USA, il ritorno del Ku Klux Klan? No, la ragazza si è data fuoco da sola
CHICAGO, 24 OTTOBRE 2012 - La giovane Sharmeka Moffitt ha spaventato tutti gli Stati Uniti, durante la giornata di ieri, per via di quanto ha raccontato agli inquirenti: accusava il Ku Klux Klan di averle dato fuoco per motivi razzisti.
Inizialmente, quanto ha dichiarato la ragazza è stato preso per vero, così l'Fbi si è messa immediatamente ad indagare su quanto accaduto, al fine di capire se le accuse della Moffitt erano veritiere.
Quanto è emerso dalle indagini è che, in realtà. la giovane si è data fuoco da sola, presso il parco di Winnsboro, in Louisiana.
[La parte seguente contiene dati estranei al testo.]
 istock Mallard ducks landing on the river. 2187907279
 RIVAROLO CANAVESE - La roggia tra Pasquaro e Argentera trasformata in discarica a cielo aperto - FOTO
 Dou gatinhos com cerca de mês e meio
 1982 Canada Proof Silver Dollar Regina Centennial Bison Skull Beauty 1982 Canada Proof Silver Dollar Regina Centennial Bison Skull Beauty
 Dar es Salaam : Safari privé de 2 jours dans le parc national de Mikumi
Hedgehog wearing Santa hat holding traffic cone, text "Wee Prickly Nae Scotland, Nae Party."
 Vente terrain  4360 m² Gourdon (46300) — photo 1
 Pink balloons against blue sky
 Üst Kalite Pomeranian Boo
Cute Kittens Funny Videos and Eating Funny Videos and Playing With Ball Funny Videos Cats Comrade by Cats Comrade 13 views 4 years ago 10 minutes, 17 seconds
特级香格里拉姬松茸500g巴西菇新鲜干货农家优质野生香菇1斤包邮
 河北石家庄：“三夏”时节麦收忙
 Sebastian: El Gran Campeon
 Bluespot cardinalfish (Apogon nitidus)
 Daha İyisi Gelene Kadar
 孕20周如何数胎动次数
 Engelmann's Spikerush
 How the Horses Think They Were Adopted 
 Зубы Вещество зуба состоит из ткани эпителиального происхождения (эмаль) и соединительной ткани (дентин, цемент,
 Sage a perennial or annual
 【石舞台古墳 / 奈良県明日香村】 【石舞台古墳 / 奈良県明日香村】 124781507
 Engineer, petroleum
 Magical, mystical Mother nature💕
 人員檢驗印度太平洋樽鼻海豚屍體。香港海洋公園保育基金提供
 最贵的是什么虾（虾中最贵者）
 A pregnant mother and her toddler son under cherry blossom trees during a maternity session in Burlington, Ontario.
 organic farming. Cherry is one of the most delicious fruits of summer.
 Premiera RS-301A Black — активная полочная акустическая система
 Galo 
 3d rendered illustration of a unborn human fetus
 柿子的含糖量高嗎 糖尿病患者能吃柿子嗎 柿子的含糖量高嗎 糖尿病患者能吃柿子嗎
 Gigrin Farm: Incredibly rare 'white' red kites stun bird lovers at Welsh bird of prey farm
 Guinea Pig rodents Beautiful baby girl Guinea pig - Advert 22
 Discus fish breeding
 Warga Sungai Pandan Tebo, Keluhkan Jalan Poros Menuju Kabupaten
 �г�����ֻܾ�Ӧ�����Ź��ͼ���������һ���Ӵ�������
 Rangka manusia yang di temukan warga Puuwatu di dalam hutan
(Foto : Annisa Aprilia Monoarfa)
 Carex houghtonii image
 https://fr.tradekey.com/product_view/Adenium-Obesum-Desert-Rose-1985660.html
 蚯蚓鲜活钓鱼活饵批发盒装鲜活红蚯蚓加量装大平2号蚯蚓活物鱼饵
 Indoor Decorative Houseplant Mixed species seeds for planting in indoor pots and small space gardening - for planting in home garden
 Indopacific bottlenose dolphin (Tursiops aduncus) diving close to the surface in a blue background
Le autorità hanno reso noto che la Moffitt, prima di darsi fuoco, ha imbrattato la sua automobile con la firma "KKK", riconducibile al Ku Kux Klan, al fine di fornire un'ulteriore prova al suo racconto.[MORE]
Dopo aver appiccato il fuoco, lo ha poi spento mentre chiamava la Polizia locale dal cellulare, raccontando che gli aggressori razzisti erano vestiti con felpe bianche con il cappuccio.
L'Fbi ha tranquillizzato gli Stati Uniti rendendo noto che il racconto della giovane non è veritiero, ma restano da capire le motivazioni per le quali la Moffitt si è provocata le ustioni da sola creando la messa in scena.